Twice a month, “Emma Gordon” (not her real name) pays a truck driver to make a run across the South Carolina border. The Asheville mom isn’t dealing in homemade moonshine or smuggling drugs, yet the product she brings to local families — raw milk — can’t legally be sold for human consumption in North Carolina.
“It’s legal to buy in South Carolina,” Gordon explains, “so what we’re doing is … in kind of a legal gray area.”
Raw milk comes straight from the cow — it hasn’t been pasteurized (heated to high temperatures for specific lengths of time to kill potentially harmful pathogens). For the past three years, Gordon has managed a cooperative in Asheville that buys raw milk from two South Carolina farms and raw cheese, yogurt and butter from an organic Amish farm in Pennsylvania.
Every two weeks, members put in their orders, and the truck heads south. The products are delivered to two drop sites, one in West Asheville and one in Montford, where members collect their milk and pay $9 (for grain-fed) or $14 (for organic grass-fed) per gallon.
The cooperative, says Gordon, now has several hundred members and averages about 70 gallons of milk per run. “And we’re not the only people doing it,” she continues. “More and more people are getting comfortable with selling raw milk.”
Yet both the U.S. Food and Drug Administration and the Centers for Disease Control and Prevention warn against unpasteurized dairy products in no uncertain terms. “Raw milk can harbor dangerous microorganisms that can pose serious health risks,” notes the FDA website. And the CDC categorically states: “There are no known health benefits from drinking raw milk that cannot be obtained from drinking pasteurized milk that is free of disease-causing bacteria.”
Sue Ellen Morrison, disease control lead nurse at the Buncombe County Health Department, agrees. “While it’s possible to get foodborne illnesses from many different foods, raw milk is one of the riskiest of all,” she says. “Getting sick from raw milk can result in diarrhea, stomach cramping and vomiting. Less commonly, it can mean kidney failure, paralysis, chronic disorders and even death.”
According to data from the CDC, from 2007 to 2012 no illnesses related to consumption of raw milk were reported in North Carolina, although five were documented in South Carolina during that time period.
A growing local trend
Gordon knows of several other such cooperatives in the Asheville area, and a number of local farmers sell unpasteurized milk at local tailgate markets or straight from their farms, sometimes labeled as pet food (a loophole in the law allows raw milk to be sold for that purpose). Mostly it’s not advertised, so finding it is “a matter of knowing the right person,” she notes.

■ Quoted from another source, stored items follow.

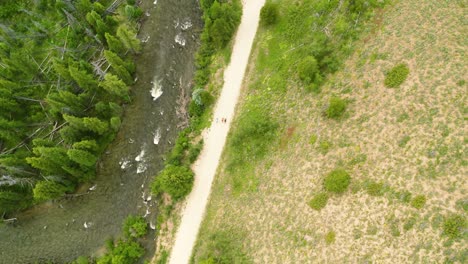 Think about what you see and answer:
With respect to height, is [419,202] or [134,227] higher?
[419,202]

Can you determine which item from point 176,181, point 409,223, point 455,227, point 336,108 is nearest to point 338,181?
point 409,223

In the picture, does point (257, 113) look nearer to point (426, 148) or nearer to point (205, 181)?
point (205, 181)

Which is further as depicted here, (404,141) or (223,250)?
(223,250)

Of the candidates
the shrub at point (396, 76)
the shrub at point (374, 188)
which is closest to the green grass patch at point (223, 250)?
the shrub at point (374, 188)

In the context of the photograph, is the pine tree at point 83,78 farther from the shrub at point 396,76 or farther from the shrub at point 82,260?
the shrub at point 396,76

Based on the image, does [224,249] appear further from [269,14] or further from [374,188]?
[269,14]

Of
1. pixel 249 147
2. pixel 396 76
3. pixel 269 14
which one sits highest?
pixel 269 14

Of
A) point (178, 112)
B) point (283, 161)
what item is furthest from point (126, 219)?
point (283, 161) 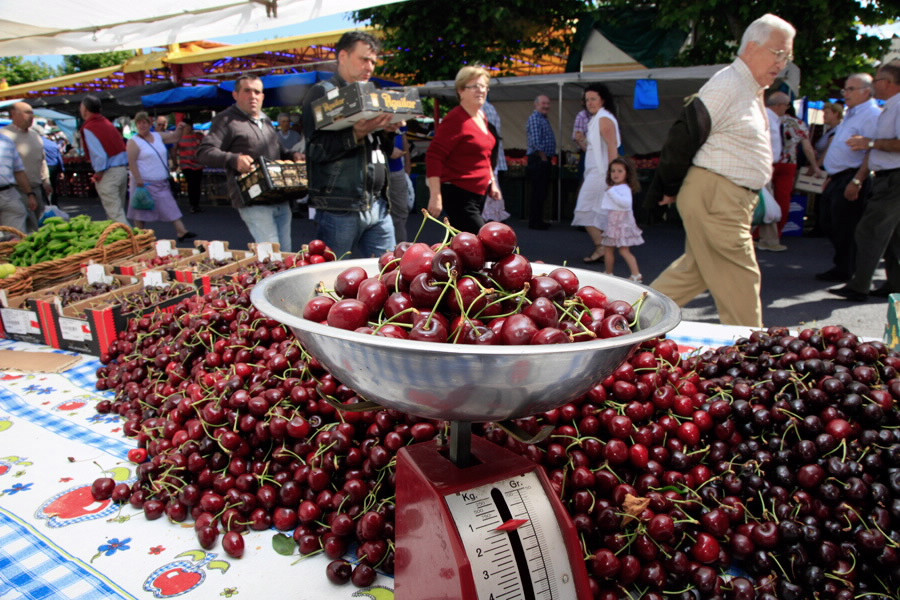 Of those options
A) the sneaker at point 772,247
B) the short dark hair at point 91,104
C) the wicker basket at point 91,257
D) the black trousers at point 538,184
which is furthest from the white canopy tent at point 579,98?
the wicker basket at point 91,257

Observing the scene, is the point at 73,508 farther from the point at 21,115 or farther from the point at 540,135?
the point at 540,135

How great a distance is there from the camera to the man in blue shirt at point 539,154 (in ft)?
28.2

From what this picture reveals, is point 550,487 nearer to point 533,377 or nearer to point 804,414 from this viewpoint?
point 533,377

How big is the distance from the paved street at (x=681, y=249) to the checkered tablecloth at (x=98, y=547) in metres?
1.52

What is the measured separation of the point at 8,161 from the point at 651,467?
6511 millimetres

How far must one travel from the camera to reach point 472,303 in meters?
0.95

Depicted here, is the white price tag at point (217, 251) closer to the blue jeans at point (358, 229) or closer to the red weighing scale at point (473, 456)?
the blue jeans at point (358, 229)

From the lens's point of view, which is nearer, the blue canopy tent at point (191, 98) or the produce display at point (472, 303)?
the produce display at point (472, 303)

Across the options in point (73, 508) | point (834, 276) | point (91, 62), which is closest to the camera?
point (73, 508)

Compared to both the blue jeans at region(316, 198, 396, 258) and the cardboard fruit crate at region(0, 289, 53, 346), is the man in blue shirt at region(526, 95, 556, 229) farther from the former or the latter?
the cardboard fruit crate at region(0, 289, 53, 346)

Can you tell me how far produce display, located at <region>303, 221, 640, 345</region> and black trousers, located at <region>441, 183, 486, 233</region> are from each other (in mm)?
3477

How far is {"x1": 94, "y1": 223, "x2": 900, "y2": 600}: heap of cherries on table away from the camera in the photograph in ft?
4.12

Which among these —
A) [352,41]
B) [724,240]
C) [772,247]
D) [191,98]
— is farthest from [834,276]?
[191,98]

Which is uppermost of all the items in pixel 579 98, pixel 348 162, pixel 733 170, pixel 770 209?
pixel 579 98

Kate and Kevin Lane are more upfront about their business. From their 15-acre farm, Homemade in Marshall, the Lanes sell the milk from their herd of seven Jersey cows in half-gallon Ball jars. By May, when three of their cows are due to give birth, Kate estimates that they’ll be delivering about 100 gallons of raw milk per week to customers.
Each jar has a label that Kate painstakingly created to meet detailed guidelines from the state Department of Agriculture & Consumer Services. The words “for animal consumption, not for human consumption” are emblazoned at the top, followed by a disclaimer that it’s illegal to sell raw milk for human consumption in North Carolina. The farm, she notes, spends several hundred dollars per year on testing and fees to stay in the state’s good graces.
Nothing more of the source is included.